As Anti-Media has documented, Trump has made it an official strategy to derail the 2015 nuclear accord signed with Tehran, also known as the Joint Comprehensive Plan of Action (JCPOA), so that détente with Iran can be completely demolished.

However, Trump’s original plan has been to find ways to prove Iran was non-compliant with the JCPOA by imposing spot-inspections on Iranian sites so that when the time comes for Iran’s next certification (around October), Trump can declare Iran non-compliant. This is in spite of the fact that Iran has been deemed compliant; Trump was forced to certify its compliance even though he didn’t want to.

Generally speaking, rule of law requires that people are assumed innocent until proven guilty. Trump has flipped this on its head and accused Iran of being guilty in the face of evidence of its innocence. He is seeking to provide the contextual facts that could bolster his case (usually, you have to have the facts first).

Even as he was busy saber-rattling North Korea, Trump could barely wait the 90-day period for Iran’s next stage of certification. He announced on Thursday that Iran is “not in compliance” with the JCPOA even though he certified their compliance just a few weeks ago.

“I don’t think they’re living up to the spirit of the agreement,” he told reporters at his private golf club in Bedminster, New Jersey, where he is currently taking a 17-day retreat from the White House.

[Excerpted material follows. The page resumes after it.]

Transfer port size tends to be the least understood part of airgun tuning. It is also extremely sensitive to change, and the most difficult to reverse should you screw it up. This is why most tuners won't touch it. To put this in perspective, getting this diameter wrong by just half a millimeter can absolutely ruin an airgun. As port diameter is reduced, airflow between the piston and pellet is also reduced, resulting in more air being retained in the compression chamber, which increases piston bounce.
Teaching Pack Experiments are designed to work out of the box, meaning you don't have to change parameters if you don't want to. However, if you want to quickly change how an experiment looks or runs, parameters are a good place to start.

“They are not in compliance with the agreement and they certainly are not in the spirit of the agreement in compliance, and I think you’ll see some very strong things taking place if they don’t get themselves in compliance,” he further said, ignoring the fact that he knows Iran has been compliant. He was unable to provide any new evidence for these new claims.

Approximately two weeks ago, Trump told the Wall Street Journal:

“We’re doing very detailed studies…We’ve been extremely nice to them in saying they were compliant, OK? We’ve given them the benefit of every doubt. But we’re doing very detailed studies.”

“I think they’ll be noncompliant,” he added. “I think they’re taking advantage of this country. They’ve taken advantage of a president, named Barack Obama, who didn’t know what the hell he was doing. And I do not expect that they will be compliant.”

Trump wants to paint Iran as non-compliant even though he has no current evidence to prove as much, but for what purpose exactly? It is becoming increasingly clear that both Iran and North Korea are scapegoats designed to save Trump from his faltering legacy.

Neither of these countries is attacking the United States, nor do they ultimately seek to. Only one of them has launched a bomb into another country’s territory in recent times — Iran launched a missile strike in Syria in response to a terrorist attack on its own soil (Iran’s military presence in Syria is authorized through Iran and Syria’s mutual defense arrangements).

The U.S. is bombing seven countries at any given time and wants to bomb an eighth (Philippines), all the while threatening a ninth and tenth (Iran and North Korea) on top of this ludicrous show of aggression already destroying most of the Middle East and beyond.

“War is the health of the State,” essayist Randolph Silliman Bourne wrote during World War I.

Considering both North Korea and Iran will ultimately be backed by either nuclear giants China and/or Russia, war will most likely end up being the complete demise of the state, too.